Intelligence artificielle, entre Innovation et régulation

En 1920, Valery Larbaud fit connaître en France l’écrivain britannique, Samuel Butler, grâce à la traduction de son roman, Erewhon (1872). Entre utopie et dystopie, Erewhon anticipe nos débats sur l’intelligence artificielle en voyant dans les machines une nouvelle forme d’intériorité et de conscience, laquelle interroge l’évolution de l’intelligence dans une perspective darwinienne : « pourquoi donc alors ne pourrait-il pas se produire une nouvelle phase de l’esprit qui serait différente de toutes les phases jusqu’ici connues ? » [.......] Ce trait dystopique est radical, il invite pourtant à réfléchir à l’innovation et à nos modèles contemporains de croissance économique, en matière d’intelligence artificielle. Les craintes qui concernent les mutations des métiers (et la notion de travail elle-même) sont-elles fondées ? Dans quelle mesure l’imagination, « reine de nos facultés » selon Baudelaire, est-elle dangereusement concurrencée par les algorithmes de la super-intelligence, notamment dans les secteurs de la création et de l’éducation ?

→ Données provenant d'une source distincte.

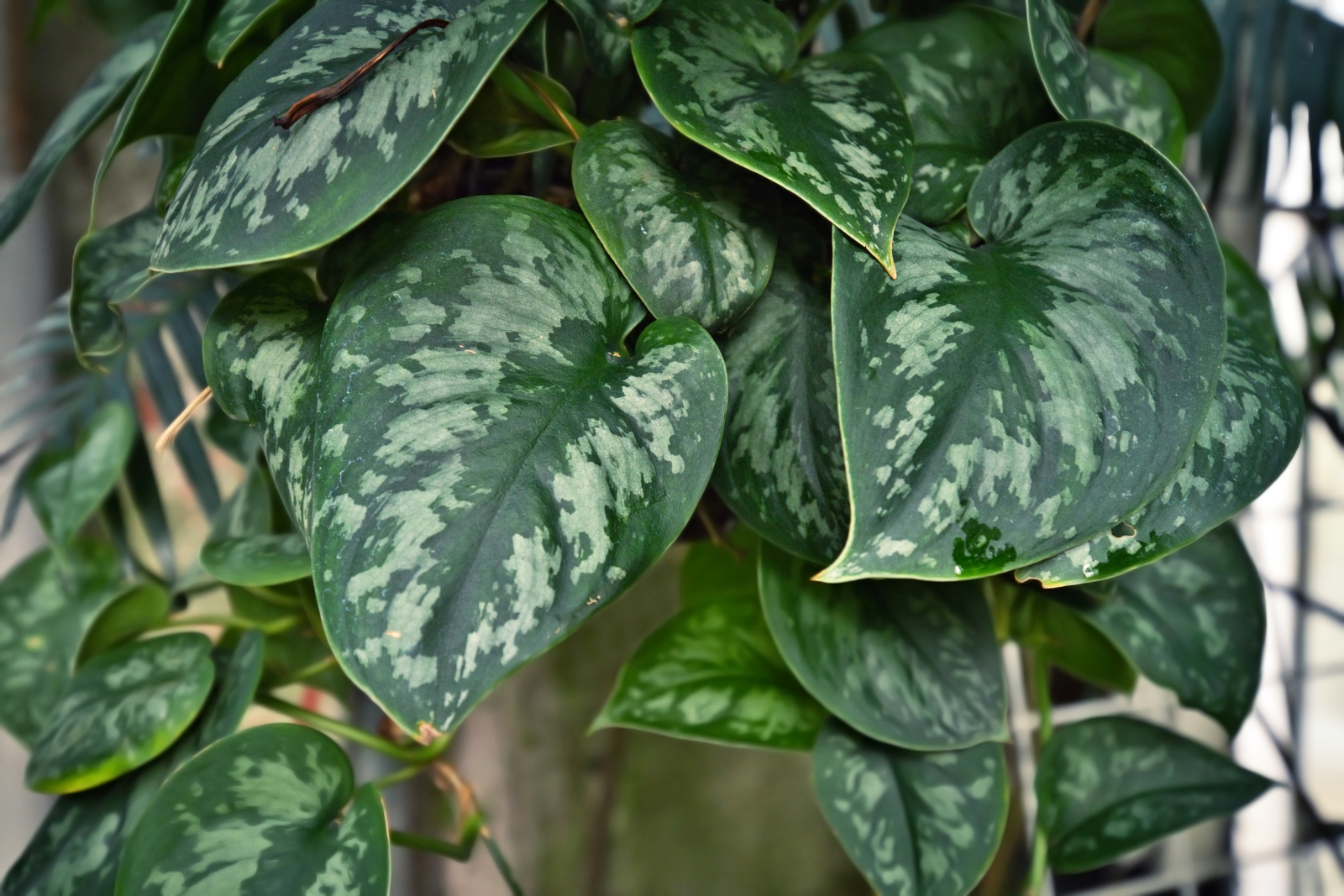 Growing Satin Pothos: How to Care for Scindapsus Plants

Une telle mise à l’épreuve des théories schumpetériennes implique, en même temps, une approche inventive de la régulation. Si le recours à des instruments juridiques contraignants est nécessaire et légitime, il importe aussi d’envisager des démarches volontaires de responsabilisation de toutes les parties prenantes. La réponse à la dystopie d’Erewhon serait dès lors le développement harmonieux d’une culture de la responsabilité, en vue d’instaurer de bonnes pratiques. C’est dans ce cadre, certes très général, qu’il convient de dégager une éthique de l’intelligence artificielle, capable de rétablir la confiance entre les technologies de l’algorithme, sans cesse innovantes, et l’ensemble de la société.